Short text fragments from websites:
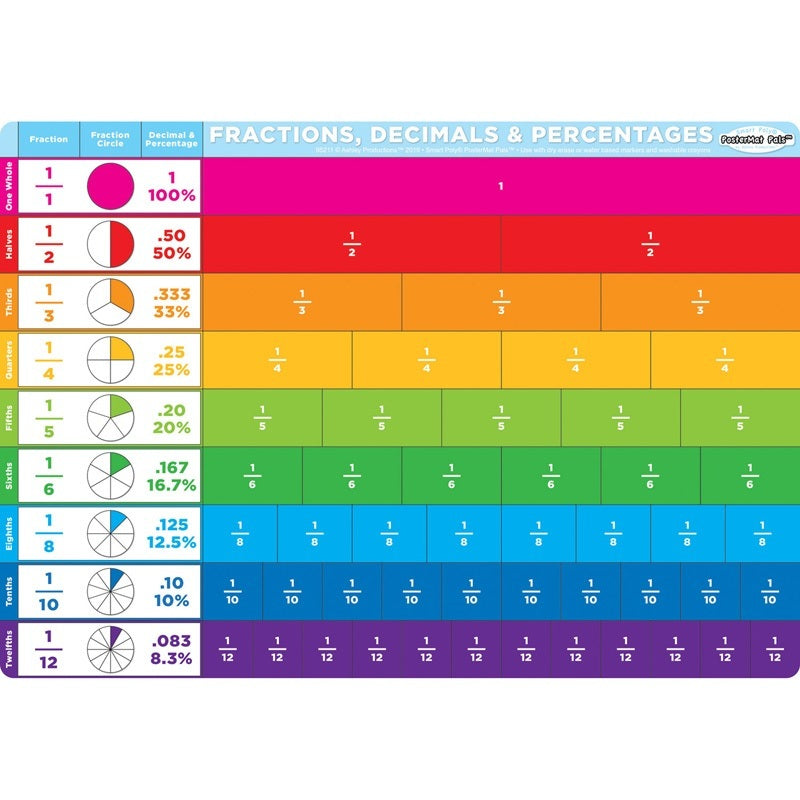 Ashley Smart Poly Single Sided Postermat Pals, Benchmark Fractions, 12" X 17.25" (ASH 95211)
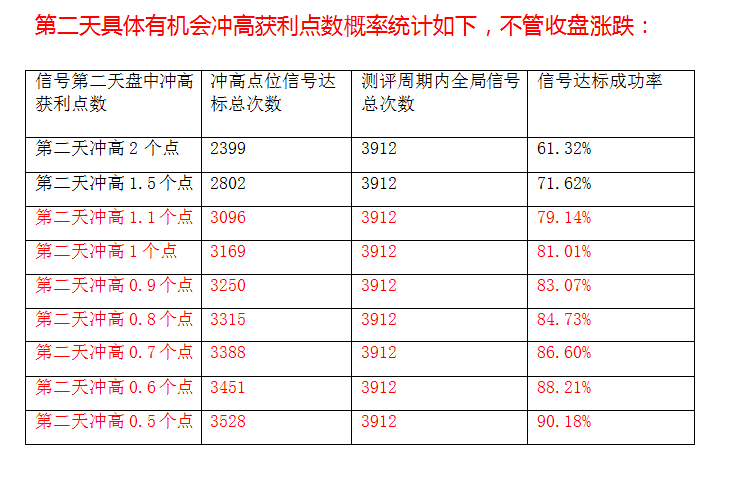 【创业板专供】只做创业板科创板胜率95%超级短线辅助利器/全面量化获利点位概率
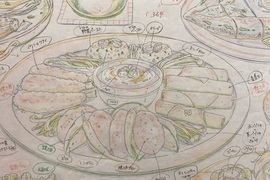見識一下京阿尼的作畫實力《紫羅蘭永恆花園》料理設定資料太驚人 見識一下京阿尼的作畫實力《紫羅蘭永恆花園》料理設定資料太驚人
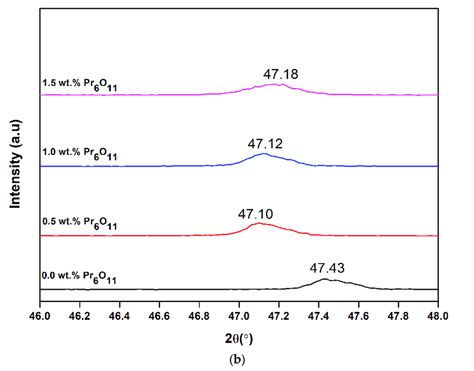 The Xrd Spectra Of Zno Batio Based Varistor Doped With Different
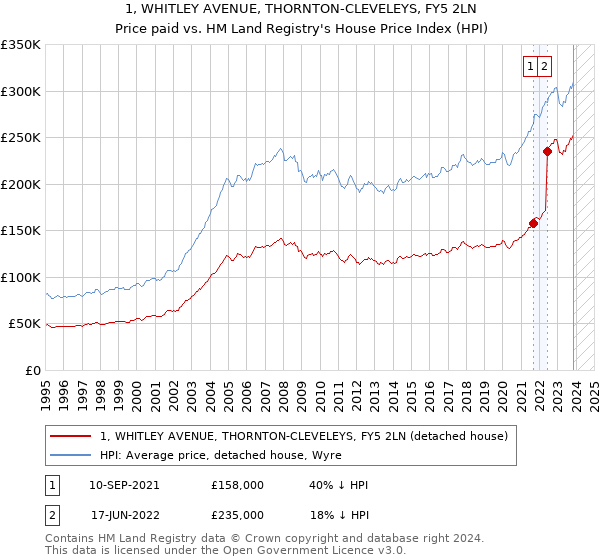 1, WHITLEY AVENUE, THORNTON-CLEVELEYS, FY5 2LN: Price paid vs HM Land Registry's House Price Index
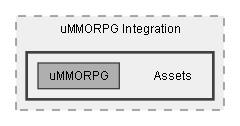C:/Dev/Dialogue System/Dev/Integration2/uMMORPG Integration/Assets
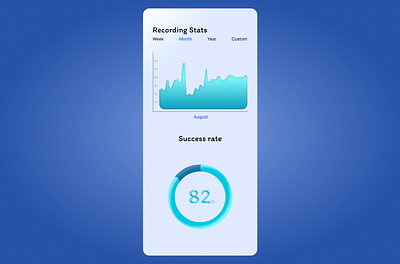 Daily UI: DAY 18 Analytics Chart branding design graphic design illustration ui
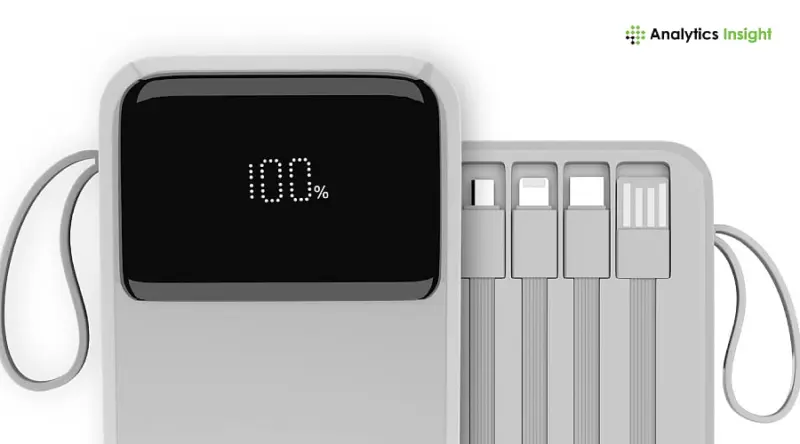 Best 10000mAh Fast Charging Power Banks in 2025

WHAT YOU HAVE TO DO:
A word-for-word copy is needed of the lines from the line with "The Xrd Spectra" through the last line of the entries above, with both ends kept and the pictures dropped.

WRITTEN SOLUTION:
 The Xrd Spectra Of Zno Batio Based Varistor Doped With Different
 1, WHITLEY AVENUE, THORNTON-CLEVELEYS, FY5 2LN: Price paid vs HM Land Registry's House Price Index
C:/Dev/Dialogue System/Dev/Integration2/uMMORPG Integration/Assets
 Daily UI: DAY 18 Analytics Chart branding design graphic design illustration ui
 Best 10000mAh Fast Charging Power Banks in 2025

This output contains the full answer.